The transformation of C. minitans was performed with strain EHA105 of Agrobacterium tumefaciens as described by Li et al. (33) and Qin et al. (10), with minor modifications. To complement the mutation of CmPEX6 in ZS-1TN22803, ZS-1TN22803 was transformed with vector pCPPE. Complemented transformants, named CmPEX6-com, were rescued on PDA containing 80 μg/ml of G418. To obtain the CmPEX6 replacement transformants, candidate transformants, termed DCmPEX6, were uncovered on PDA supplemented with 50 μg/ml hygromycin B and then subcultured on PDA with 80 μg/ml of G418. All CmPEX6-com and DCmPEX6 transformants were confirmed primarily by RT-PCR with primer pair 22803-L and 22803-R (Table 1) and further by Southern blotting.
Assay on carbon utilization.
To assay the effect of oleic acid as a carbon source on the growth of the mutants, strains ZS-1, ZS-1TN22803, CmPEX6-com, and DCmPEX6-98 were investigated for growth both on modified Czapek-Dox (MCD) medium containing oleic acid (Sigma-Aldrich) as the sole carbon source and on PDA containing 1% oleic acid and 0.5% Tween 80 at 20 to 22°C for 10 days, with MCD and PDA media as controls, according to Qin et al. (10).
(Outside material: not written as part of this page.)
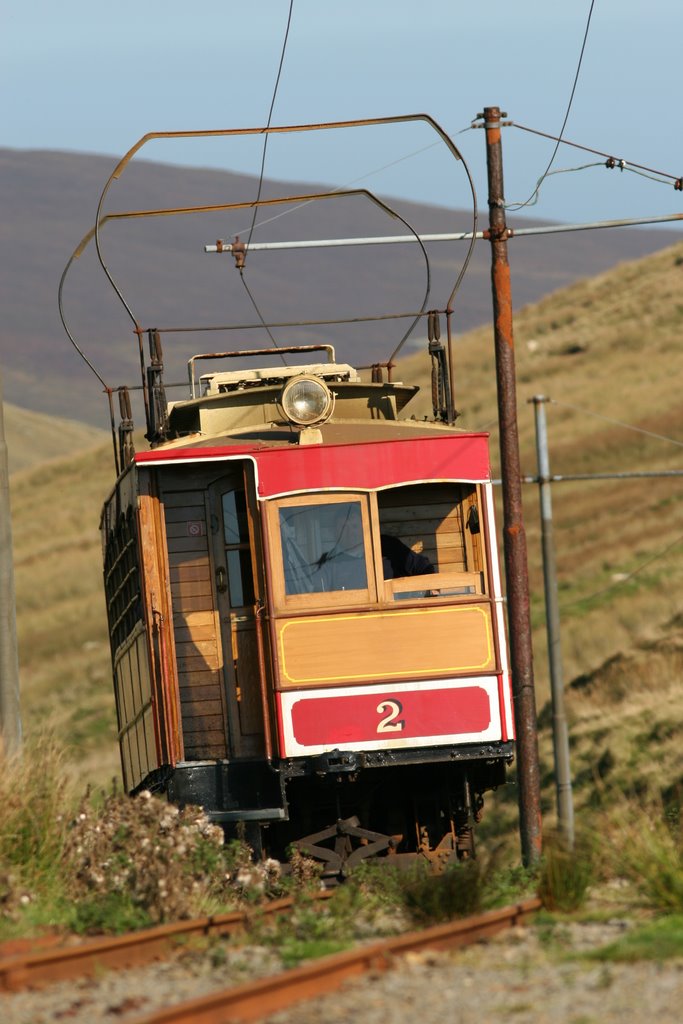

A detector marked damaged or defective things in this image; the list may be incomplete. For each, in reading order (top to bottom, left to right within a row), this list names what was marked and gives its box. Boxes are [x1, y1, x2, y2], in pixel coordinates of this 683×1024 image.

Mycelial growth rate and conidial production were measured. Each experiment was repeated 3 times.
To test if acetyl-coenzyme A (CoA) and glyoxylic acid could restore conidiation of the mutants, ZS-1 and DCmPEX6-98 were cultured on PDA amended with different concentrations (0.25 mM to 0.1 M) of acetyl-CoA (Sigma-Aldrich) and glyoxylic acid (Sinopharm Chemical Reagent Co., Ltd.), respectively. PDA was used as the control. The colony morphology, growth rate, and conidial production by each treatment was examined using the method described above. Three replicates were conducted for each treatment, and each experiment was repeated twice.
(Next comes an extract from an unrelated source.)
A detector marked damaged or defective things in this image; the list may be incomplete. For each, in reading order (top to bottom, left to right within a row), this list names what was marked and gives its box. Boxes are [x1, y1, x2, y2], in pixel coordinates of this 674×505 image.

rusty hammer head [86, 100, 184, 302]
H2O2 and NO generation in mycelia.
To examine if there was any change for generating hydrogen peroxide (H2O2) and nitric oxide (NO) in mutants during growth on PDA, CmPEX6 mutants and ZS-1 were grown on PDA for 3 to 4 days. Mycelia (0.05 g) were scraped off, ground in liquid nitrogen, and soaked in 500 μl of lysis buffer supplied by a hydrogen peroxide assay kit or by a nitrate/nitrite colorimetric assay kit (Beyotime Institute of Biotechnology, China). Fifty microliters of the supernatant, gathered by centrifuging at 12,000 × g for 5 min, was used to determine the amount of H2O2 and NO. The measurements were carried out by following the kit protocols. There were three replicates in each treatment, and the experiment was repeated three times.
Data analyses.
SAS, version 8.1 (SAS Institute, Inc., Cary, NC), was used to analyze the variation between treatments for each experiment using analysis of variance (ANOVA). The data of conidial production were log transformed prior to analysis. When a significant treatment effect was found (P < 0.05), the mean values (whether numerical or log transforms) for different treatments in the experiments were compared with the least-significant-difference test.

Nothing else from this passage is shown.